The new flexibility and responsiveness has called for changes right across the organisation, as sales and order management processes have had to adapt to cope with “a far higher number of transactions.”
The company has changed its relationships with suppliers too, in order to streamline upstream processes as well as internal ones. Take heat treatment for example. In the past, parts might have spent a week or more at an external supplier receiving heat treatment, now, says Noone, the supplier will collect a batch of parts at 8.30am and return them 24 hours later.
Despite the huge strides Huco has already made, there is still more to do, “An outsider looking at our operations might assume we are 99 percent of the way there,” says Noone. “But we think we’re only 30 or 40 percent into the journey.”
Among the company’s on-going efforts to further improve its performance is increased attention to maintenance activities. “A large number of our activities involve highly automated ‘lights out’ machining, which means the performance and reliability of our machines is of paramount importance,” says Noone. “As machines age, their performance changes and so does their ability to hold the required tolerances. We realised that we need to know our machines better than their own manufacturers do.”
Huco Dynatork is a leading manufacturer of small, precision couplings and part of Altra Industrial Motion
To gain that knowledge, the company is introducing a total productive maintenance (TPM) approach across its operations. From the start this has been a highly informative process.
“We ran a TPM event on a single machine, and the amount we were able to take away from that session was mind blowing. Changes to the machine included removal of redundant parts, the installation of new inspection panels and a number of measures to reduce the ingress of swarf and improve coolant and lubricant integrity.
“Combined with new operating and maintenance practices, the overall effectiveness of the machine as risen from 62 percent to more than 95 percent. By changing our maintenance approach, we’ve also been able to add years to the life of a machine that might otherwise have been scrapped and replaced. Huco is now rolling out the same techniques across its full range of production equipment.”
Part of the company’s TPM approach is aimed at relieving operators of the need to disrupt their work to attend to machine breakdowns or maintenance activities. “The responsibility for routine maintenance should fall to the team leader,” Noone explains. “We want a situation where the operator can concentrate on standard work and, if something goes wrong, they use an andon cord to alert the team leader to the problem.”
Elsewhere, the company continues to adopt practices developed and refined by its parent group. The latest of these is a certification system created as part of the Altra Business System. “There are two levels of certification – silver and gold – and they can be applied to individual manufacturing cells or entire value streams,” explains Noone.
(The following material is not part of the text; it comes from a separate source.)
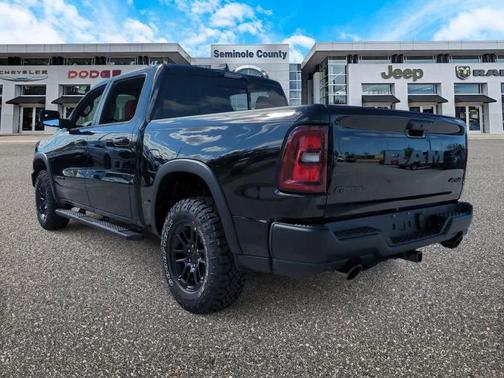 2026 RAM 1500 Rebel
To achieve certification, the cell or line must demonstrate that it has achieved 12 specific objectives, including proven problem solving skills, a suitably qualified and experienced team leader and a support network of maintenance and other personnel. Huco’s first cell-level certifications are now taking place, and the company is moving towards certification of full value streams for key products in the near future.
“Certification is another important step,” concludes Noone, “but in the lean culture of never ending continuous improvement, there is always much that can be done. Everyone in the Altra group knows the ‘True North’, the direction the company is headed, we are travelling day and night, but the journey is never done.”